Ludzka głupota jest z plotką nierozerwalnie związana(niestety) stąd i tytuł kącika. Kącika dedykuje mamom i tatom do wykrzyczenia się, pomarudzenia, wybzdyczenia, ponarzekania, podzielenia się "ludzkimi" odruchami, z którymi mielismy "przyjemność" się spotkać.
Taki mały Hyde Park plotki.
Zaczynam:
Siostra mojej przyjaciółki dowiedziała się od pewnej dozorczyni ( kilka bloków dalej), że zostałam aresztowana za niedopilnowanie dziecka i jak mi się uda wywinąć z pomocą dobrego adwokata to dostanę jedynie wyrok w zawieszeniu.
Ta sama pani wspomniała, że widziała w gazecie zdjęcie mojego ZMASAKROWANEGO syna ze szpitala w jednym z "ambitnych" dzienników.
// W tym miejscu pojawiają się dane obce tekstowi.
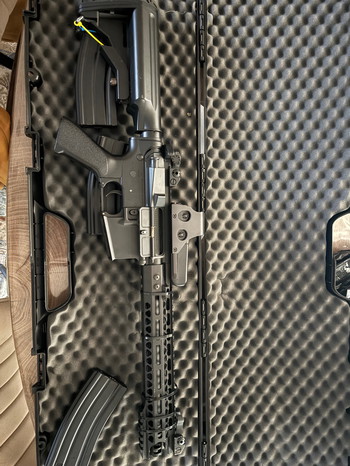 Image 2 pour Golden Eagle M4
Gwoli wyjaśnienia dodam, że mój syn z masakrą nie miał wiele wspólnego, a obecność "dziennikarzy" kończyła się na przedsionku szpitala. Co mnie najbardziej uderzyło: ta pani WIEDZIAŁA - wiedziała, że ja siedzę w areszcie i ona WIDZIAŁA zdjęcie,którego nie było.
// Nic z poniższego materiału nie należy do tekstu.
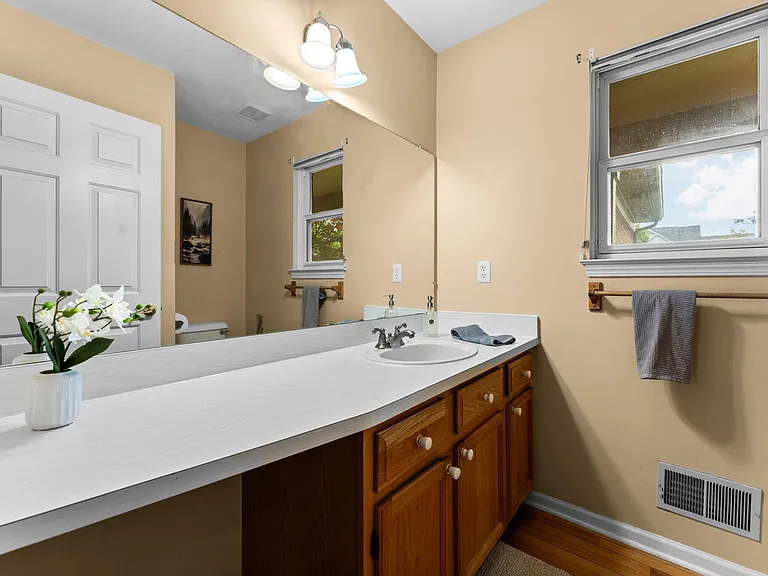 4141 Crystal Creek Dr — Photo 20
Wczoraj stoimy na grobie Alka z moją mamą i Marysią. Przechodzi kilkuosobowa grupa - wiek średni. Ktoś z nich rzuca, bynajmniej nie ściszając głosu: o, tu leży ten dzieciak, co miał na zawał serca!!!. Nie dowierzam. Mówię do mojej mamy jeszzce trochę głośniej niż oni: Słyszałaś, tu lezy ten dzieciak, co miał zawał serca. Tamci przyspieszają kroku, nie mówią już nic.